Task description: Begin at the line below that has "Eastern Barn Owl Statue". Stop after the line that has "Skater Frozen Rain", repeating each line exactly and leaving out the pictures.

Excerpted data:

┏━━

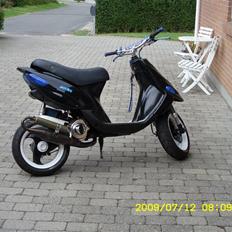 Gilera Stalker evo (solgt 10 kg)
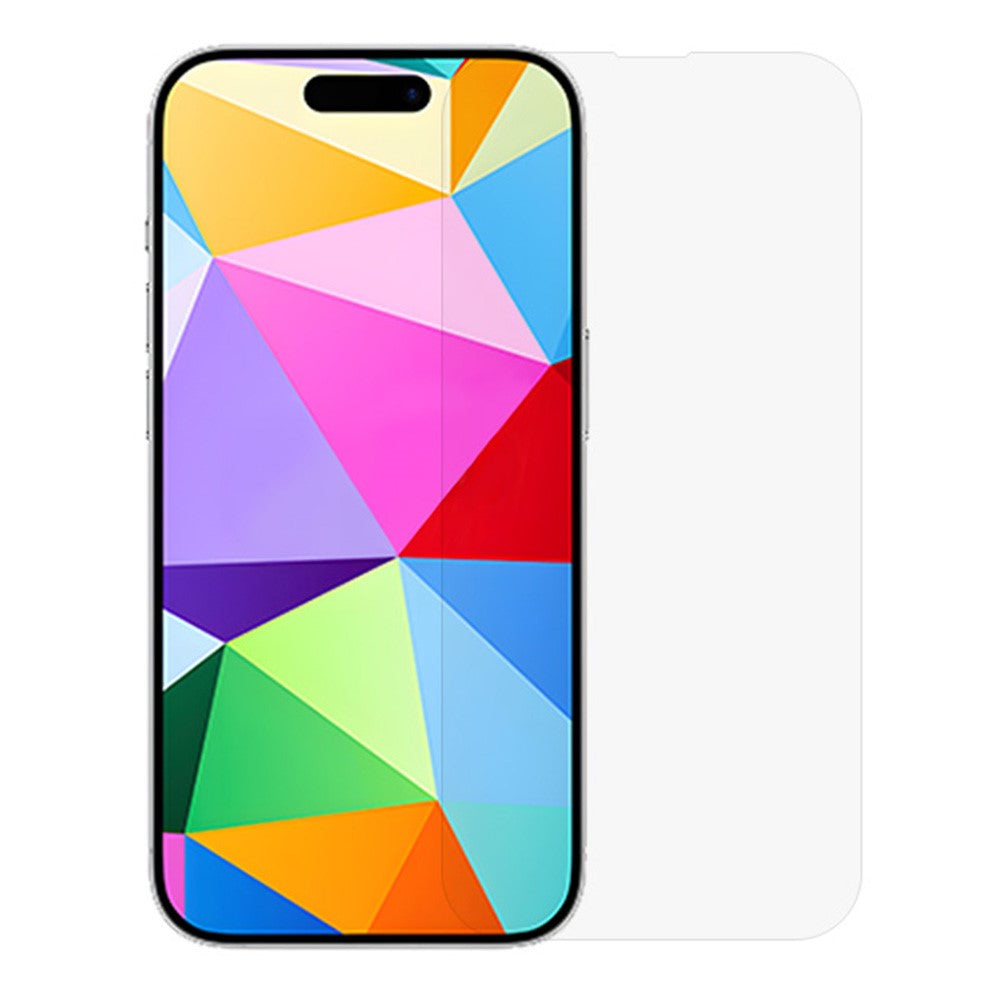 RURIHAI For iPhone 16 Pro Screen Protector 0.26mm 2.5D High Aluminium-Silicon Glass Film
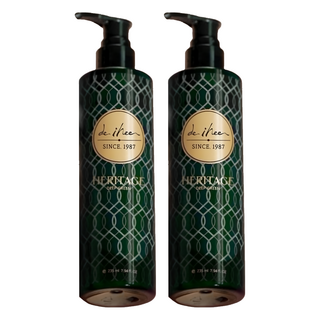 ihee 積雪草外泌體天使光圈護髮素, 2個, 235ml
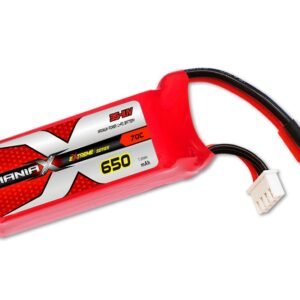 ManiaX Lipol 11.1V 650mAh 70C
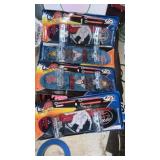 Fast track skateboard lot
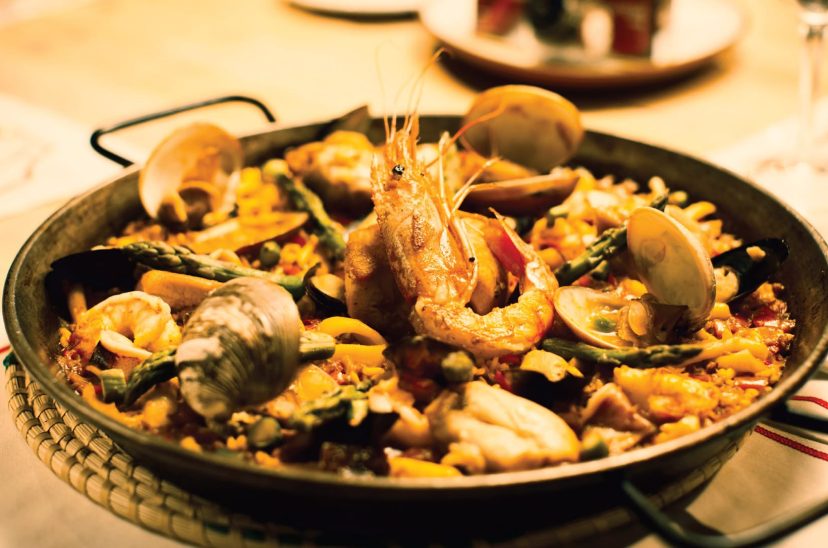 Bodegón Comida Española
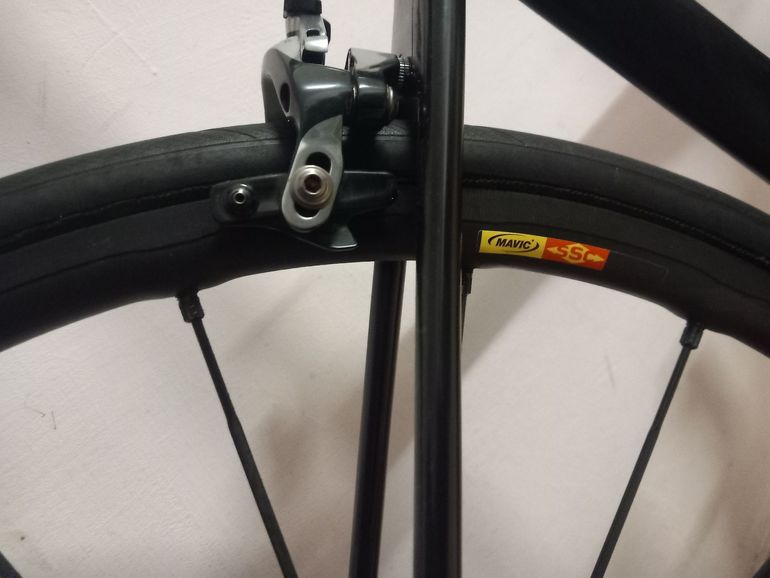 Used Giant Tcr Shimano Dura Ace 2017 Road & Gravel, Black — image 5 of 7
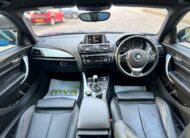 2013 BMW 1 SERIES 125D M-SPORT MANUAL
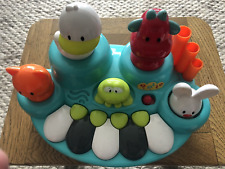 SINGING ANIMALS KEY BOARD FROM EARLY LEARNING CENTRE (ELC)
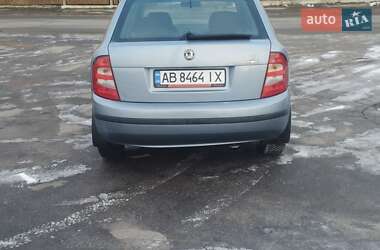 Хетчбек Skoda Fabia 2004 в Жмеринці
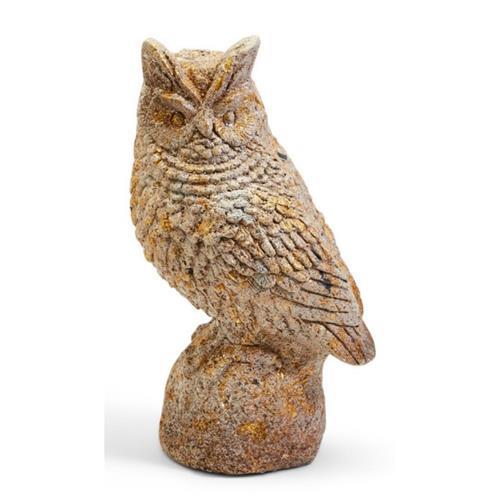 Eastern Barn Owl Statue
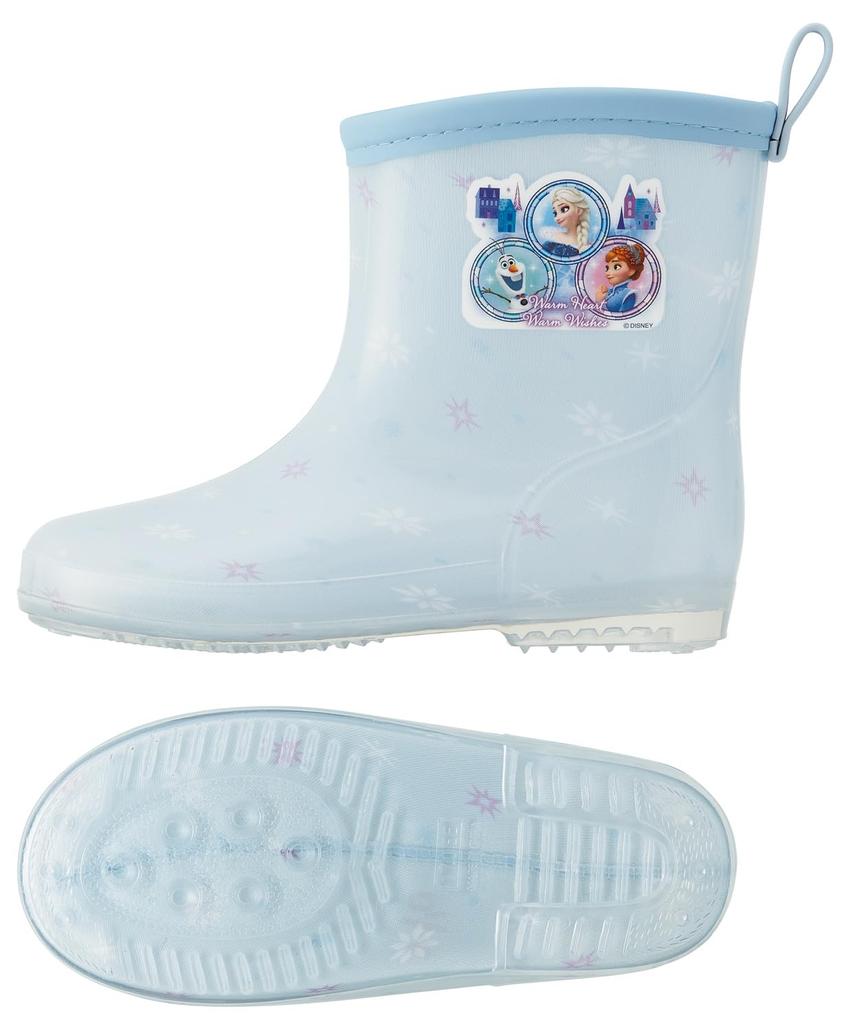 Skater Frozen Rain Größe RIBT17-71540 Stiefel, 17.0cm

┗━━
┏━━

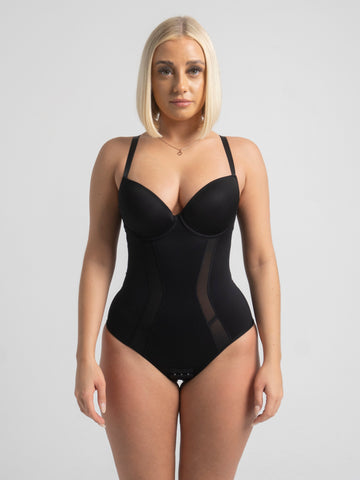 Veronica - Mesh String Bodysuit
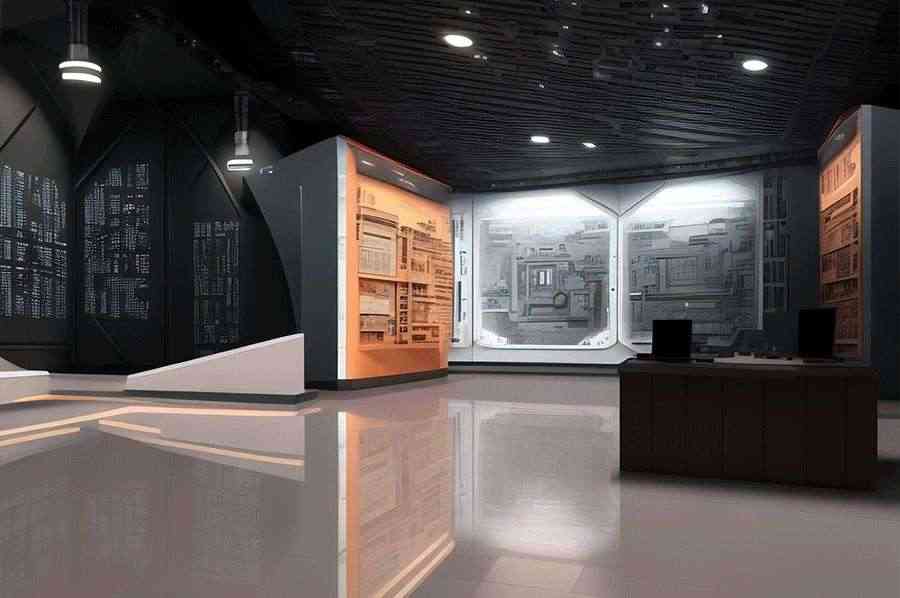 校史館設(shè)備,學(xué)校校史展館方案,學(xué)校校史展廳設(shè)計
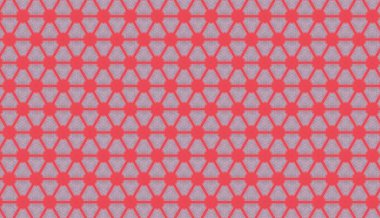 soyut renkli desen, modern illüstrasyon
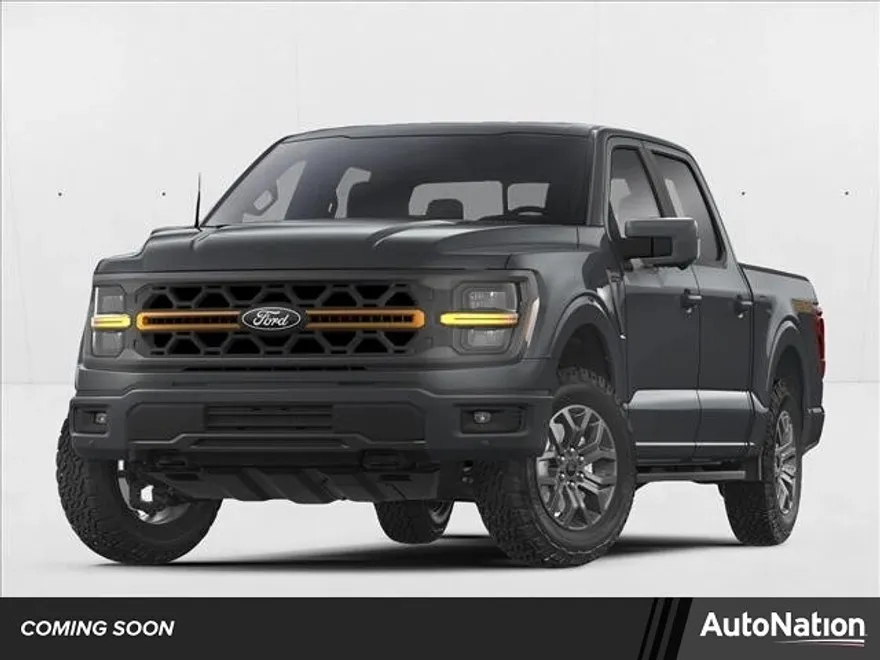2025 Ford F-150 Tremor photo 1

┗━━

Result below:
 Eastern Barn Owl Statue
 Skater Frozen Rain Größe RIBT17-71540 Stiefel, 17.0cm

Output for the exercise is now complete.